Here are some approximate drive times between other popular destinations in Ireland and Donegal Town. This does not include drive times if you’re driving the Wild Atlantic Way to these destinations.
- From Dublin Airport: 3 hours
- From Shannon Airport: 3.5-4 hours
- From Galway: 2.5-3 hours
- From Cork: 4.5-5 hours
- From Limerick: 3-4 hours
- From Doolin: 3.5-4 hours
- From Belfast: 2-2.5 hours

Tips for Driving in Donegal
If you’re worried about driving on the opposite side of the road and car, don’t be. It’ll take about 30 minutes to an hour to get used to. And if you’re scared of the one-lane roads that allow for two cars, just know that people work with each other. Sometimes you can both inch a little to the left and pass without a problem. Other times someone will have to back up or wait in a small outlet for the other car to pass.
One thing to know is that it will take longer to arrive at your destination than Google Maps tells you because you’ll be soaking in the stunning scenery as you go.
Use the restroom whenever you can. I drink a lot of water and there are tons of little coffee trailers throughout Donegal, some with great views, that I just had to stop at. So I was always looking for the bathroom. Unfortunately, they’re few and far between when you’re out in the country. So if you are in a pub or a shop, make sure to use the facilities!
Take plenty of breaks. No matter what side of the road you’re used to driving on, driving for hours every day is exhausting. So plan your route to maximize what you see and minimize the time it takes to see it.
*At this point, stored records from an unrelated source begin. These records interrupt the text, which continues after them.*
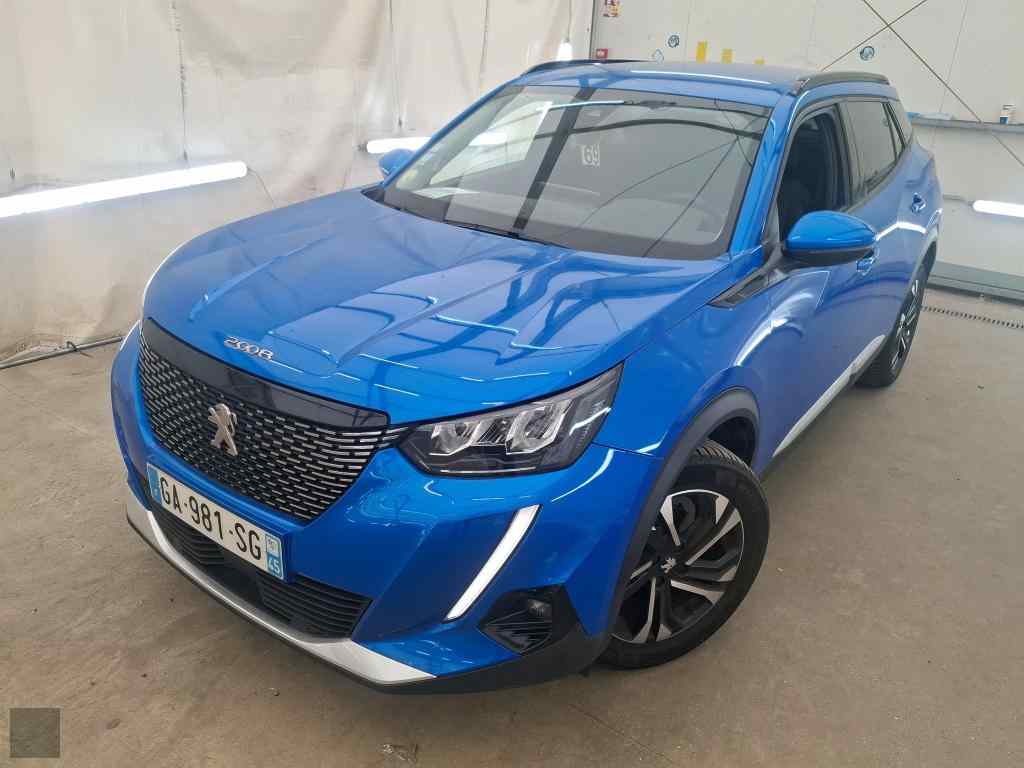 Slika vozila PEUGEOT 2008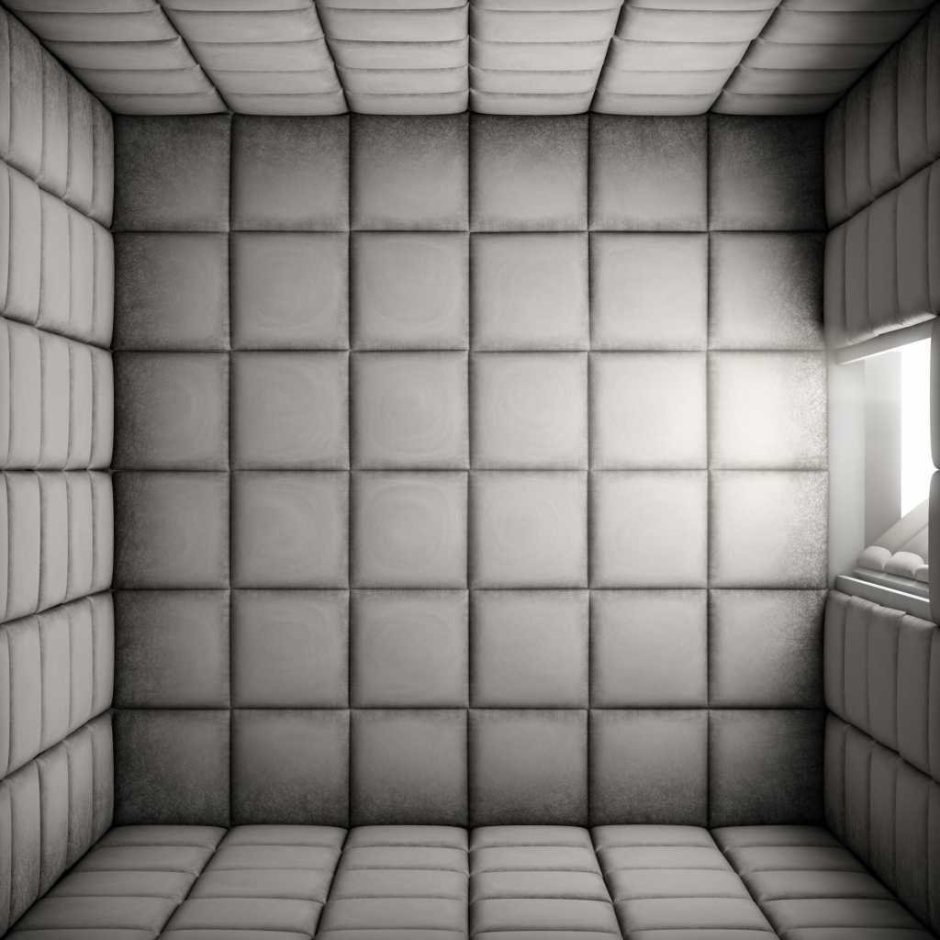 Комната для психов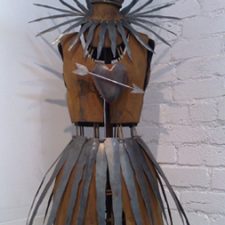 Foyer-Metal-Sculptures-and-Art-Tullamarine-Attwood-Campbellfield-Broadmeadows-VICafricanbliss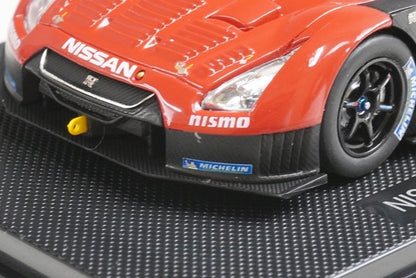 1:43 EBBRO 44316 Nissan GT-R Super GT 2010 SUZUKA Test #230 model car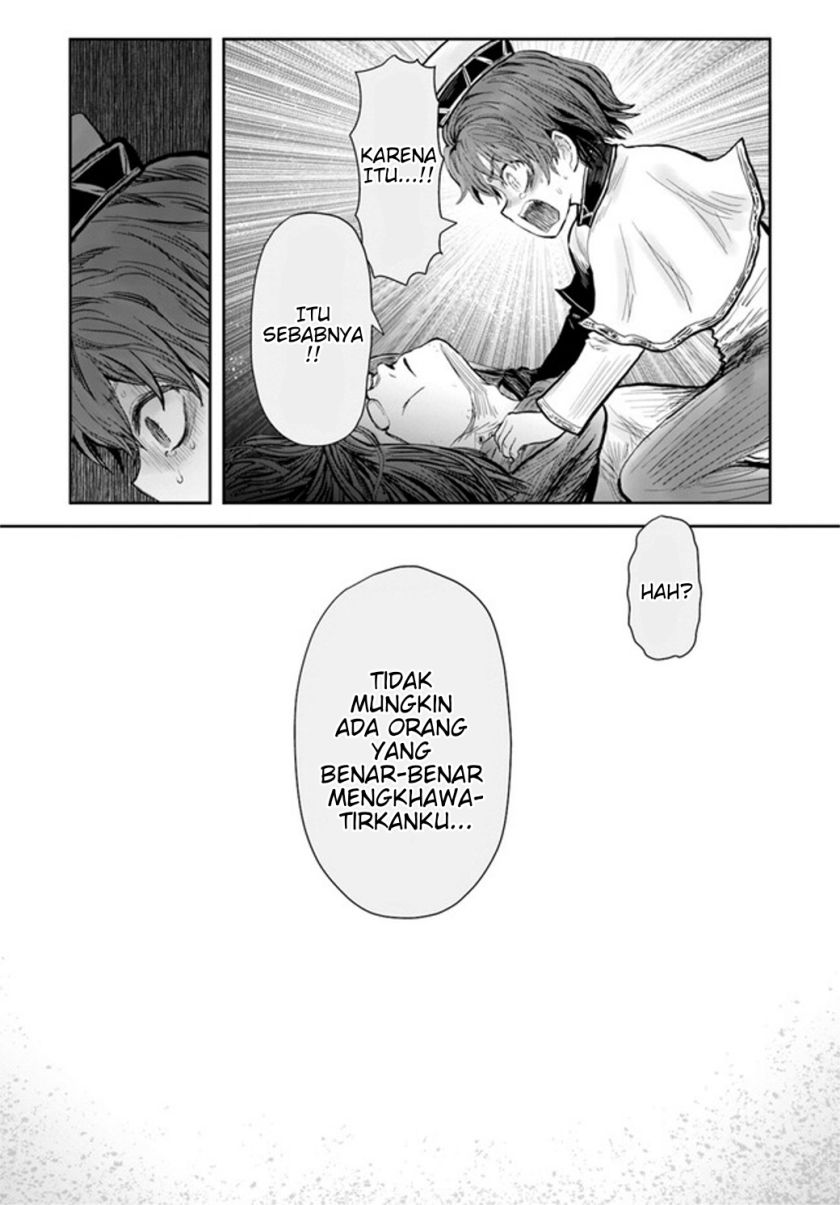Isekai Ojisan Chapter 56 Gambar 27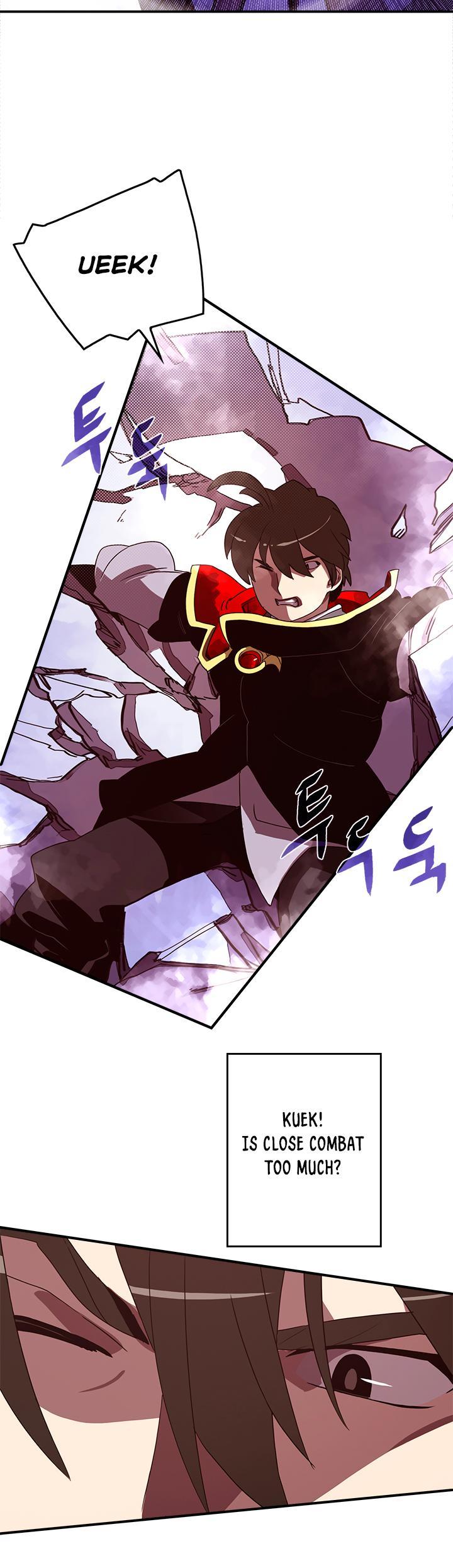 I Am The Sorcerer King 51 8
Google Maps may route you to take a ferry. This happened to me when I was trying to get from Fanad Peninsula to the Inishowen Peninsula. All of a sudden, the next direction was: take the ferry. When I say my jaw dropped, I mean it was on the floor. It took me a few minutes to figure out how to avoid this, but then I was back on track. So, double check the route before you start driving (unless you want to a take a ferry).
Keep a change of clothes in the car just in case you get caught in the rain!
I used NewWay as my rental car provider and it was a super easy, seamless process. All insurance was included up front, there were no issues checking in or returning the car. It was straightforward and transparent.
What to Pack for Donegal
What you pack for Donegal isn’t too much different than what you’ll pack for Ireland generally. I’ve put together an Ireland packing list for all seasons to reference, but here’s a quick overview.
Waterproof clothing: First, always pack for rain, no matter the season. Make sure you have waterproof outerwear, including pants, jackets, and shoes. In the winter months, it can snow, so you’ll need something heavier, and in the summer months, you can likely get away with a rain jacket shell that you can layer a sweater or something under.
Hiking boots or shoes: There are plenty of hiking trails throughout Donegal of varying difficulty. Some are leisurely strolls like the Lakeside walk in Glenveagh National Park, others are steep climbs to the top of Mount Errigal or the Slieve League cliffs. Make sure you have the proper footwear if you plan to hike them. I took my trusty Keen hiking boots that I’ve been using for years now. For less strenuous hikes, Blundstones are a good option.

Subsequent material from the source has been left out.